Feeling alone
The hardships of exile sound harsh also for those whose spirit would tend anyway to expatriate and explore what lies beyond the horizon. What has been left behind is after all a full explored world and a rich social network. It is however hard to fully appreciate the essential nuances of a foreign country without living there for years. Sometimes they turn out to be nuisances as well, but it is the cost paid by most of the explorers.
As well as feeling along, in the middle of a tempest and spotting around nothing else than icebergs. I havn't the foggiest whether to approach on purpose such a mass of ice could be a viable way to save the lifes of an unfortunate crew. Let's put some imagination, assume to experience a videogame where every false move could be redone. I drive my boat in the direction of the biggest floating mountain I detect, I set the collision course and I peacefully wait for the next move. If I will crash, fall into the sea and perish, then the game will be over and any further decision will be meaningless.
A true free world should actually enable all of the players to commit mistakes, reset their status and go on with a series of infinite attempts. Yet the bureaucracy adopted by the Soviet Uniot emerging from the other side of the Alps hardly allows a faux pas. Everything is well recorded.
The best instrument to keep everybody under control.
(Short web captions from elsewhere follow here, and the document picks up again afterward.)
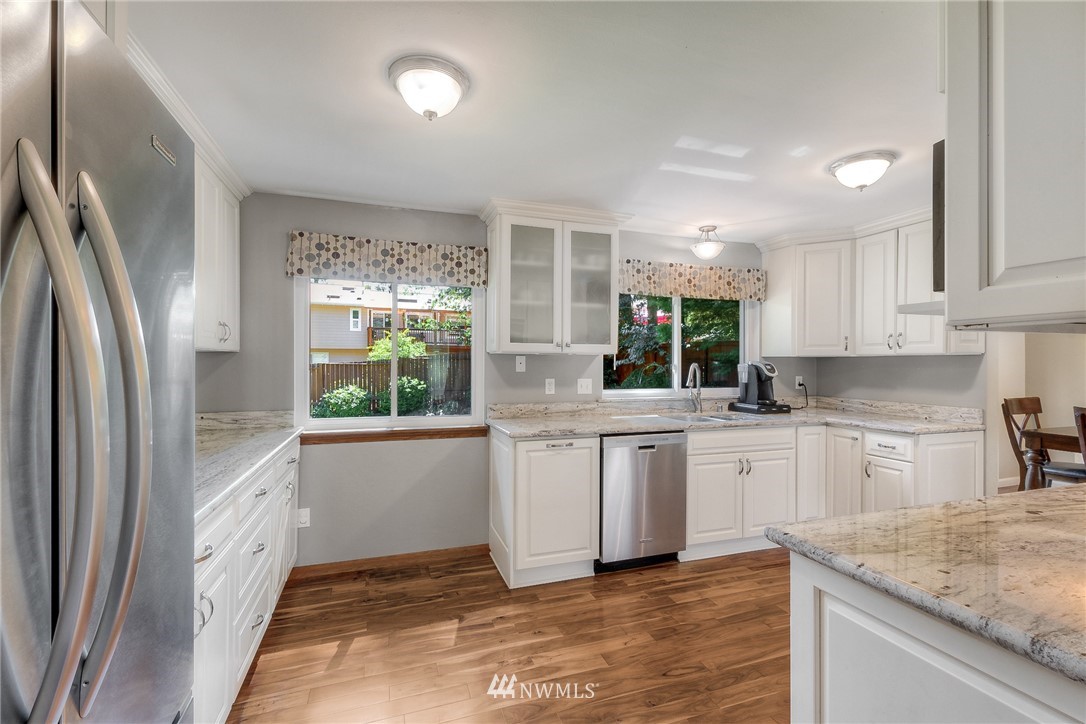 15635 Southeast 178th Street Renton, WA 98058 - Photo 7 of 22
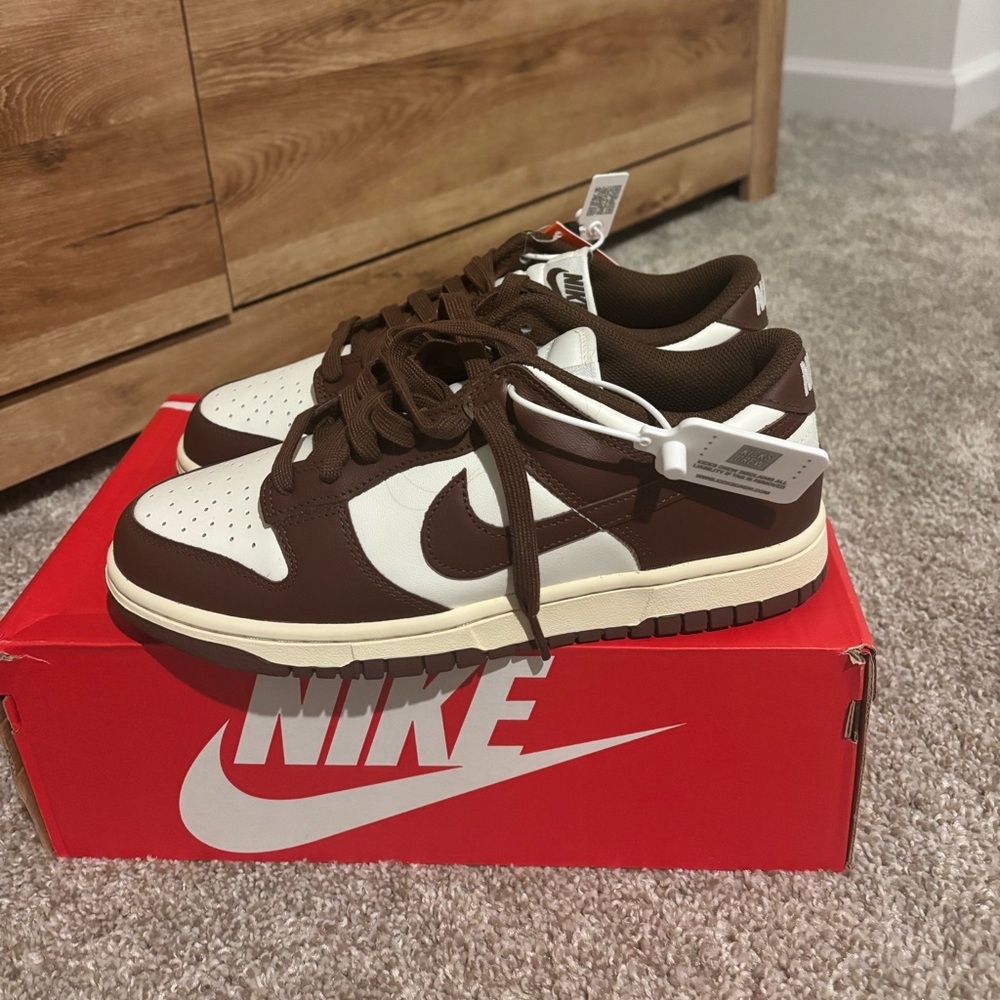NWT AND BOX Women’s Nike Dunk Low - Picture 11 of 14
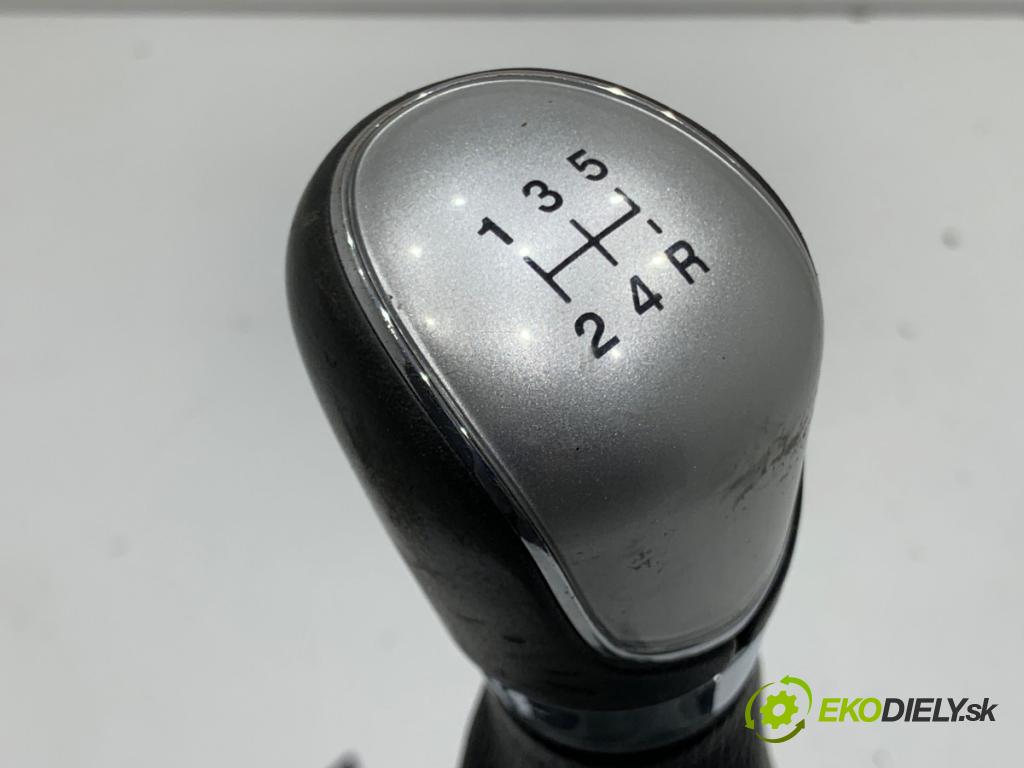 FORD FIESTA MK7 liftback 2011 88 kW 1.6 Ti 1596 Kulisa 8A6R-7C453 (Rýchlostná páka (kulisa))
An act against the rules issued by the government and you are out. The party says you are out. Even your closest friends start to deem your lack of civic sense as a definite hint of the presence on an evil spirit. You have got to spend the remaining days of your life as an exile, segregated far away from the advantages conceded by the state to the faithfull subjects.
I have not gone so far, but the fight I have started against the new established socialist republic, my flight on the other side of the alps, my very same writings, are enough to classify myself as potentially dangerous. I could still recreate some valuable and solid links in the free world, but I will ever miss that environment where I was born. Places and people of my past are fading away, lost beyond the iron curtain. If I will acquire any new friend in this world, they will be different. The old ones are now hard to rescue.
Unless crashing against the iceberg won't save some men from the crew, enough material to build a new boat, reach a safe harbour and assemble a whole fleet. I will still be solitary in command, but, if I will be summon enough authority, I could still hope to overthrow the authorities who have casted me away. It is like the final act of an opera, where the hero reveals not to have died, to have survived the vagary of fortune and eventually obtains the crown back.
Provided that the hero is a destituted prince.
I am just a follower of Adam Smith, looking for some mate of a similar mindset, ready to fight back and recover a paradise lost.